KABUL, Afghanistan — The Taliban have converted the Ministry of Women’s Affairs building into offices for the religious morality police, who once instilled dread in Afghanistan for their suppression of women and brutal enforcement of the militant government’s interpretation of Shariah law when it ruled two decades ago.
The conversion of the building in Kabul, the country’s capital, suggested at least a symbolic slapping down of a ministry that had come to embody the ascent of women in Afghanistan after the Taliban were ousted from power in 2001.
A video posted by Reuters showed women who had been employed by the ministry protesting outside the building because the Taliban had not permitted them to enter and had told them to go back home.
It remains unclear if the women’s ministry has been abolished by the Taliban, who reclaimed power last month as the U.S.-backed government collapsed. But when the Taliban announced their acting cabinet members for the new government earlier this month, there was no appointment to oversee women’s affairs.
And in another ominous portent of renewed gender discrimination under the Taliban, its Education Ministry ordered male teachers back to work and said secondary school classes for boys would resume on Saturday. There was no mention of girls.
The women’s ministry building’s new occupant, called the Ministry of Invitation, Guidance and Promotion of Virtue and Prevention of Vice, seems to be just a slightly rebranded name for the notorious enforcer of Taliban standards of behavior that turned the group into a global pariah in the 1990s.
The ministry’s police officers became known for beating or lashing women who ventured outside their homes without a full body covering and a male escort. They banned girls from school after primary grades and prohibited women from seeking jobs. Unwed couples risked death by stoning for adultery.
While the leaders of the Taliban have acknowledged that Afghanistan has evolved after two decades of the American-led occupation, they have also left women terrified of what the future may hold. No women have been appointed to positions of authority under the new Taliban government, and it has taken steps to separate men and women in public spaces.
Earlier this week, the minister of higher education, Abdul Baqi Haqqani, said that women could continue to study in universities and postgraduate programs, but only in gender-segregated classrooms in appropriate Islamic dress.

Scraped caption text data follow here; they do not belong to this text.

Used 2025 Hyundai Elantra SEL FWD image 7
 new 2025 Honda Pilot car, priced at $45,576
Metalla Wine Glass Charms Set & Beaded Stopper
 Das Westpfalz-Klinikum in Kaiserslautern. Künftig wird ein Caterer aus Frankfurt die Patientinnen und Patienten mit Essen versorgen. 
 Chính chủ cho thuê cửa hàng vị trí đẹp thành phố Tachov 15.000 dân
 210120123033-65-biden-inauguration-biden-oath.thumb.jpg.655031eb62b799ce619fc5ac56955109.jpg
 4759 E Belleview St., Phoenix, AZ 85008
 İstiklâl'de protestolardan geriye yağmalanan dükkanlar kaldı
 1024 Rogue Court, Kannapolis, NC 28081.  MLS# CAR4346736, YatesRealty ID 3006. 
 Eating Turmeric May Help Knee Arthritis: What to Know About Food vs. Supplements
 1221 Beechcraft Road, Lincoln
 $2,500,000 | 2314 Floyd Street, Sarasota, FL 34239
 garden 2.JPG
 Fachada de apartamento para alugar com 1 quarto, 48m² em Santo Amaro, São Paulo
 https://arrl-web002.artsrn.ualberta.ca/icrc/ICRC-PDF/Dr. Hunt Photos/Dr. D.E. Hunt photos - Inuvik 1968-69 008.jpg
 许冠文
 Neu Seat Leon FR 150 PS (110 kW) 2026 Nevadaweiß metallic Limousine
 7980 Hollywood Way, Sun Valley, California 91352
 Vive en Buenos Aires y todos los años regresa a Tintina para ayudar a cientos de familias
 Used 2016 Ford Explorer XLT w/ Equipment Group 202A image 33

The building formerly housing the women’s ministry is situated in what had been considered the liberal quarter of Kabul, dotted with coffee shops and a popular Turkish-run mall that houses clothing outlets, a knockoff Apple store and restaurants ranging from fast food chains to a high-end steak house.
Now, a white Taliban flag waves above the building compound’s armored gate, adorned with a sign for the ministry that is its new occupant, as Taliban security guards keep watch.
Understand the Taliban Takeover in Afghanistan
Who are the Taliban? The Taliban arose in 1994 amid the turmoil that came after the withdrawal of Soviet forces from Afghanistan in 1989. They used brutal public punishments, including floggings, amputations and mass executions, to enforce their rules. Here’s more on their origin story and their record as rulers.
The blast walls surrounding the compound still are adorned with murals and signs depicting the work of the women’s ministry, but on some, the women’s faces have been desecrated, a type of vandalism seen elsewhere in Afghanistan since the Taliban reclaimed power.
One sign reads “Supporting women who are victims of violence is our human duty,” and shows a woman with a black eye. Another is from the United States Agency for International Development, which had been a major source of aid to Afghanistan, reading: “Keep your city green and clean.”
Even critics of the American military’s prolonged stay in Afghanistan have acknowledged the gains made by Afghan women over the past two decades. Under the Ministry of Women’s Affairs, women’s health, literacy rates and employment all climbed. Abused women were given help and shelter. Women entered the legislature and other positions of power.
A telling barometer of the gains was seen in the changing makeup of the labor force. A World Bank study found that women accounted for 22 percent of the labor force in 2019, compared with 15 percent in 2009. A poll conducted two years ago by the Asia Foundation also showed growing public support for women in the workplace, with 76 percent of Afghans backing the right of women to work outside the home.